Aides à domicile, les temps modestes
Description
Les paysages de Moselle, région martyre de la désindustrialisation, défilent à travers le pare-brise : des champs, du brouillard, des hauts-fourneaux à l'arrêt. Marina ne les voit plus. Certains jours, elle avale 150 kilomètres en voiture, à la rencontre de ses usagers, majoritairement des personnes âgées, pour une ou deux heures de ménage, de toilette et de conversation. Elle et deux autres – Sophie, grande gueule tendre, "ancienne" du métier, et Taandhuma, qui ne "vit pas" et accumule les heures pour nourrir sa fille (sans la voir, en conséquence) – sont les émissaires d'un métier quasi exclusivement féminin, où le diplôme est rare, le travail, colossal, et les conditions, éreintantes. Pour ceux qu'elles aident, pourtant, la visite des aides à domicile constitue parfois le seul événement notable au milieu d'une semaine de silence. L’humeur des usagers varie, tantôt repliés sur eux-mêmes, tantôt rieurs ou philosophes, de la quiétude à l'inquiétude. Marina et les autres s'adaptent. Le besoin d'argent ou celui d'"être utile" les a poussées vers cette profession, une machine aux rouages mal huilés qui digère et recrache des corps meurtris, sans reconnaissance pour leur activité.

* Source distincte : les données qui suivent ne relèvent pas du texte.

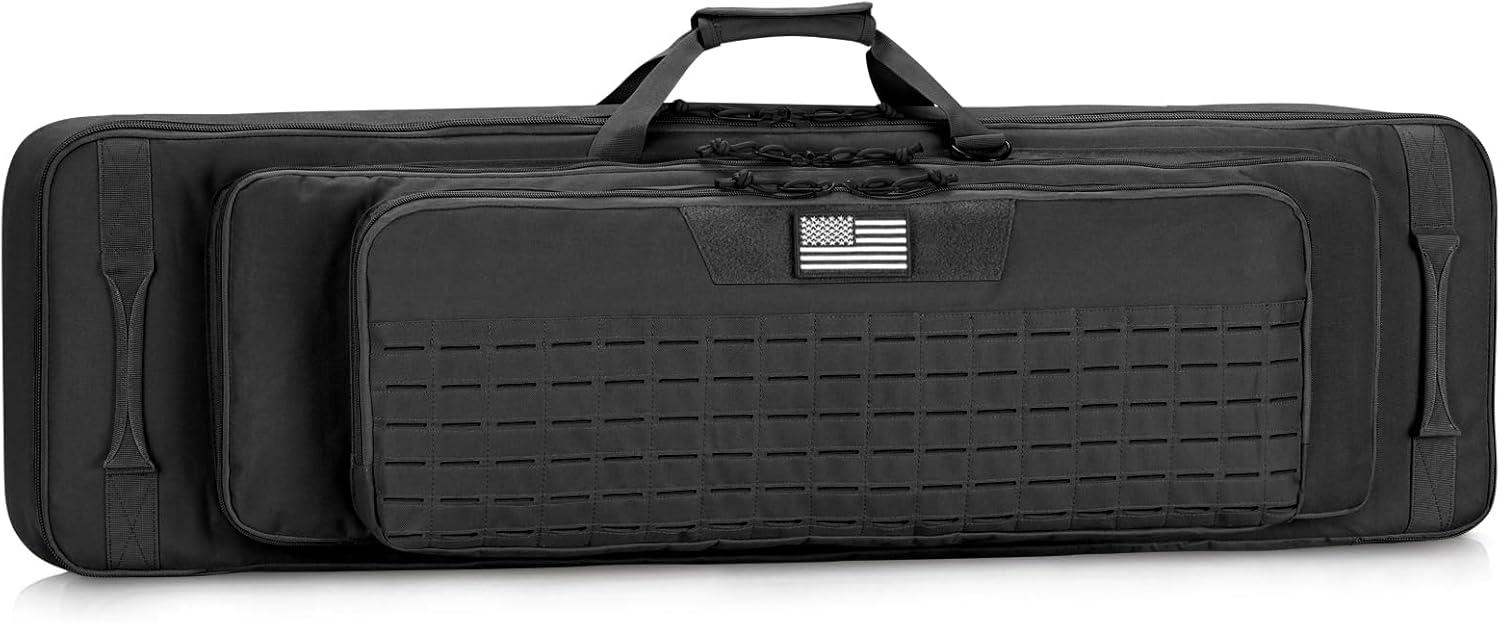 image:imageCVLIFE 36 42 46 Soft Rifle Case Triple Layered Double Rifle Bag Oversized Long Gun Bag with Lockable Zipper and Backpack Strap Rifle Backpack Gun Case for Outdoor Hunting Shooting RangeBlack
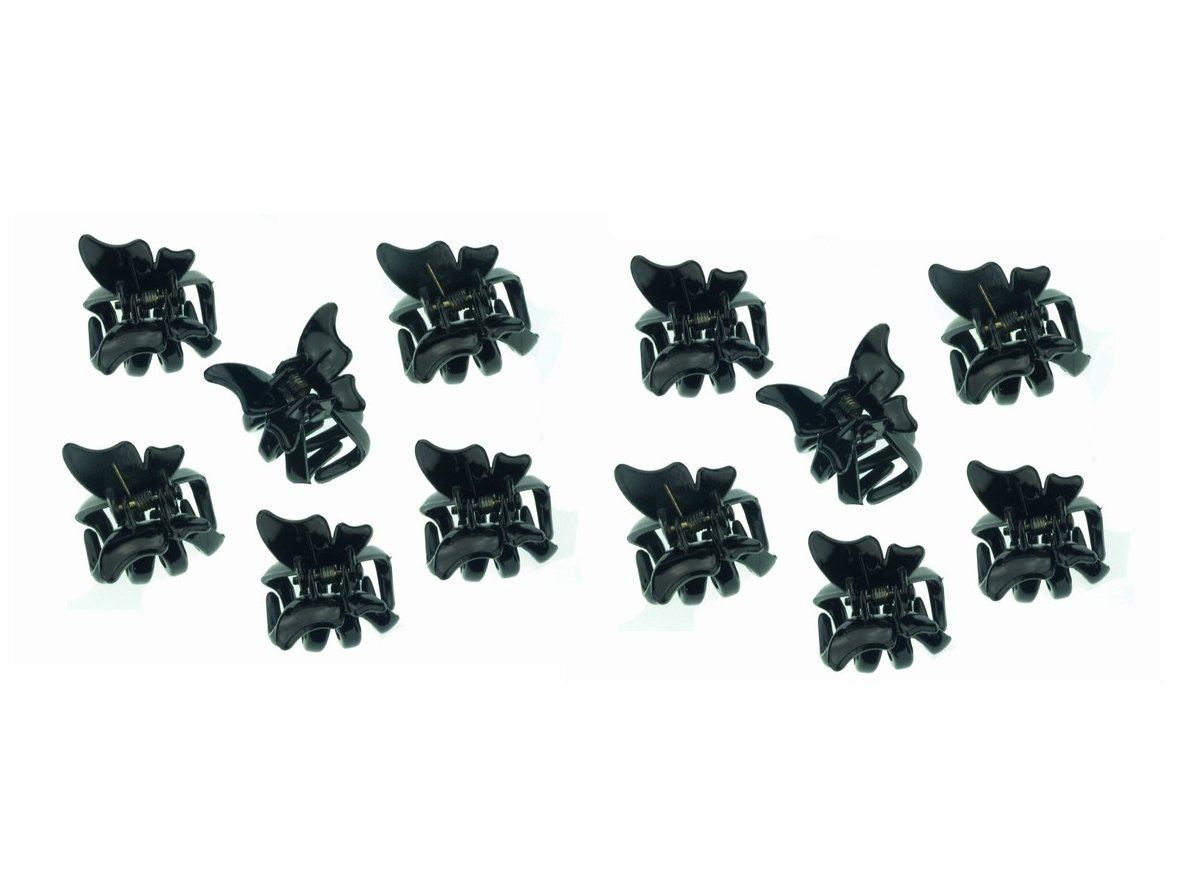 12 Black Mini Small Butterfly Hair Claw Clips Clamps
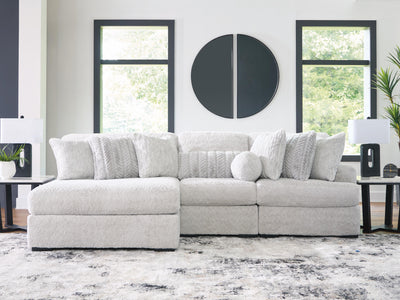 Cuddle Plush 3-Piece Sectional with LAF Chaise in Arctic Chenille and Velvet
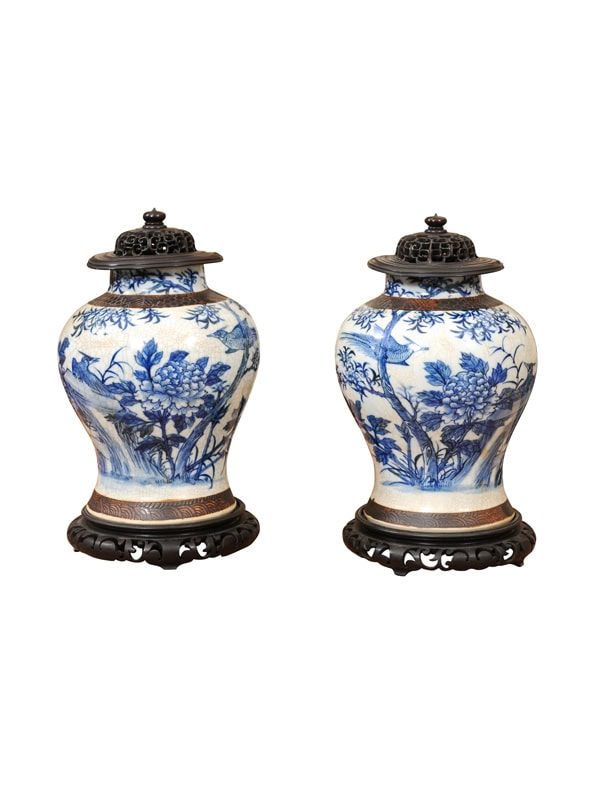 Pair of Chinese Crackle Blue & White Vases with Wood Lids, ca. 1860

Bon cœur et mauvaise fortune
Avant tout, le salaire. C'est leur principale revendication, leur plainte la plus criante. Interrogées par le documentariste François Chilowicz, les aides à domicile parlent de vies à crédit, alignent des chiffres douloureusement bas, tandis que, derrière la vitre de leur voiture, les revendications restées lettres mortes des gilets jaunes colorent des ronds-points désormais vides. Toutes veulent être mieux payées, ou partir. Celles qui le peuvent passent des diplômes et la frontière pour travailler au Luxembourg, où l'État rémunère mieux. Les autres traînent d'usager en usager leurs tendinites et les mille petites blessures de la pénibilité, font avec rien pour améliorer un quotidien frugal et réconforter des hommes et des femmes auxquels la hiérarchie préconise de "ne pas s'attacher". Sans commentaire ("Je préfère privilégier l'émotion à l'explication. Se mettre à la place des autres crée du doute et de l'insécurité, mais c'est la vérité qui se loge dans cet inconfort", expliquait le réalisateur en entretien), ce documentaire filmé entre 2019 et 2021 expose une réalité blafarde où surgissent parfois, de l'intimité et de l'écoute, des instants d'humanité suspendus. Le reste du temps, le ciel lorrain bas et lourd pèse sur les épaules de ces femmes sans l'intervention desquelles une génération entière, abandonnée à son sort, disparaîtrait. En filmant le quotidien d'aides à domicile, François Chilowicz creuse un sillon naturaliste sobre et précis. Poignant et nécessaire.